> _Exercise instructions_: Your output should be the lines below from the one with "Passi Di Mare" through the one with "Saat menang 3-1", copied exactly, pictures excluded.

> _Data for this exercise_:

+++

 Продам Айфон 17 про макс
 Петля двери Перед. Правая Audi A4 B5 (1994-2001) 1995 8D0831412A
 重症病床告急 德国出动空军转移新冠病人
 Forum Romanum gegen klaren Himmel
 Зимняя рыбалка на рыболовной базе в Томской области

+++

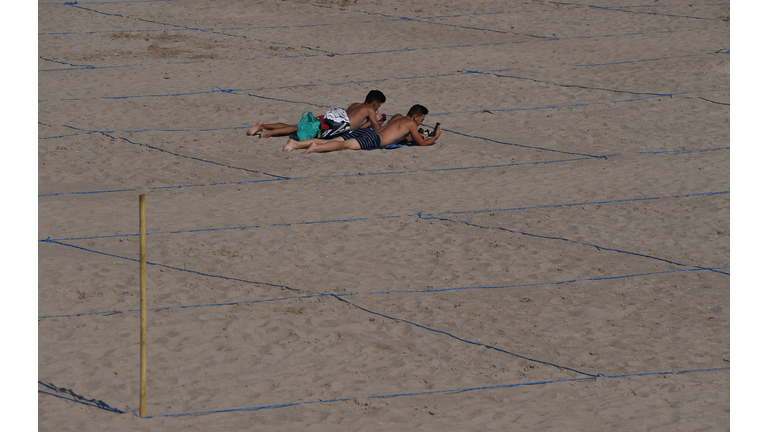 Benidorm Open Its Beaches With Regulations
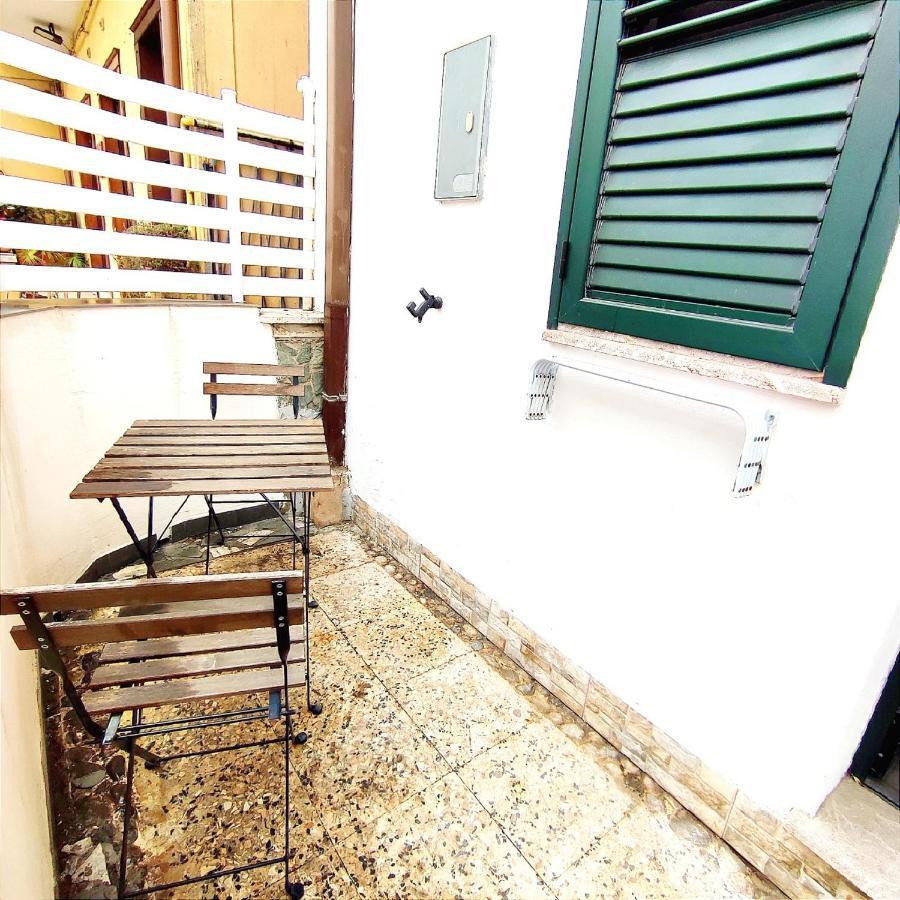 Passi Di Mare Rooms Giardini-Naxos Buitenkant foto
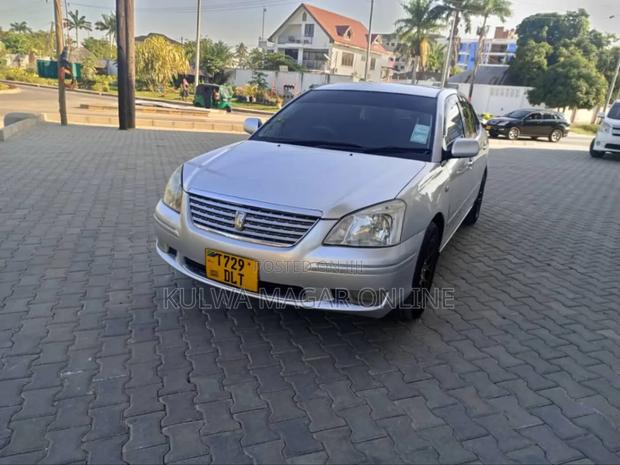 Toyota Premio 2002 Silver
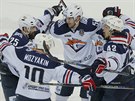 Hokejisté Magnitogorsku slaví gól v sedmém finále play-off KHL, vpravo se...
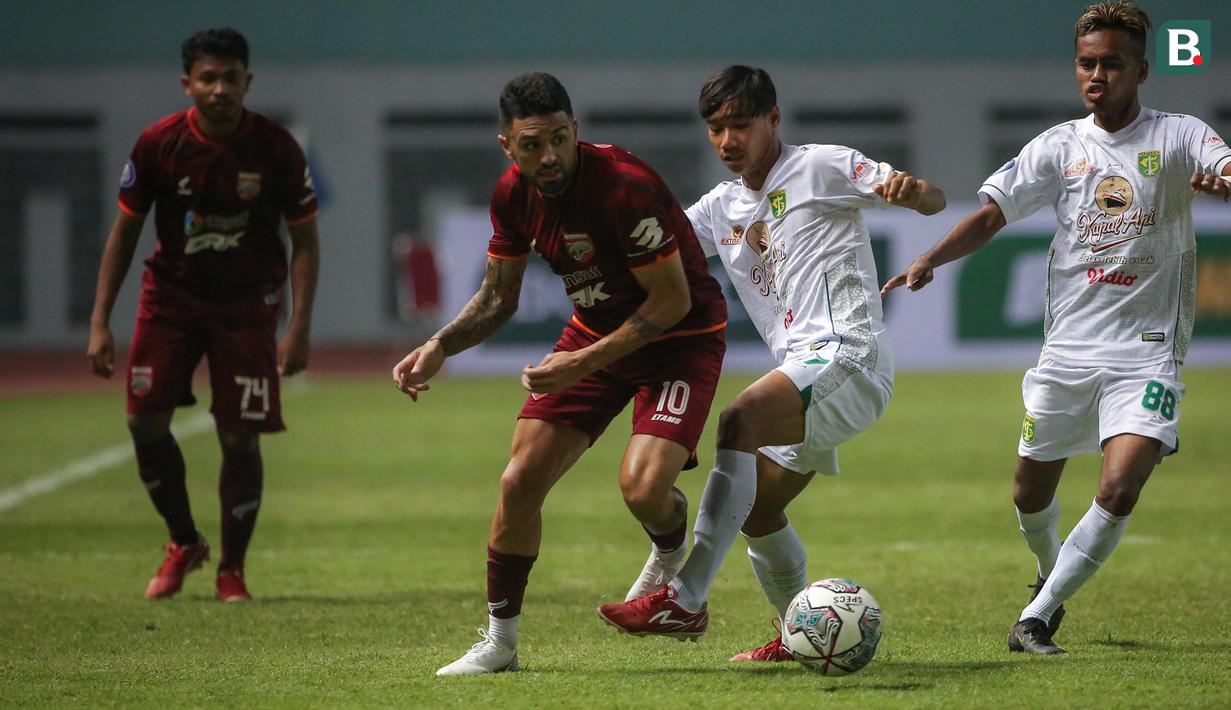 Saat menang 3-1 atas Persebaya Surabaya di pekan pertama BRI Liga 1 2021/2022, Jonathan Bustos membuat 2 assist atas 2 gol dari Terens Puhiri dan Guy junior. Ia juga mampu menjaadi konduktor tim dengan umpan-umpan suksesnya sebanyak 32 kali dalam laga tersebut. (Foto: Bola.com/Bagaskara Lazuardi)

+++

> _Answer to this exercise_:
 Passi Di Mare Rooms Giardini-Naxos Buitenkant foto
 Toyota Premio 2002 Silver
 Hokejisté Magnitogorsku slaví gól v sedmém finále play-off KHL, vpravo se...
 Saat menang 3-1 atas Persebaya Surabaya di pekan pertama BRI Liga 1 2021/2022, Jonathan Bustos membuat 2 assist atas 2 gol dari Terens Puhiri dan Guy junior. Ia juga mampu menjaadi konduktor tim dengan umpan-umpan suksesnya sebanyak 32 kali dalam laga tersebut. (Foto: Bola.com/Bagaskara Lazuardi)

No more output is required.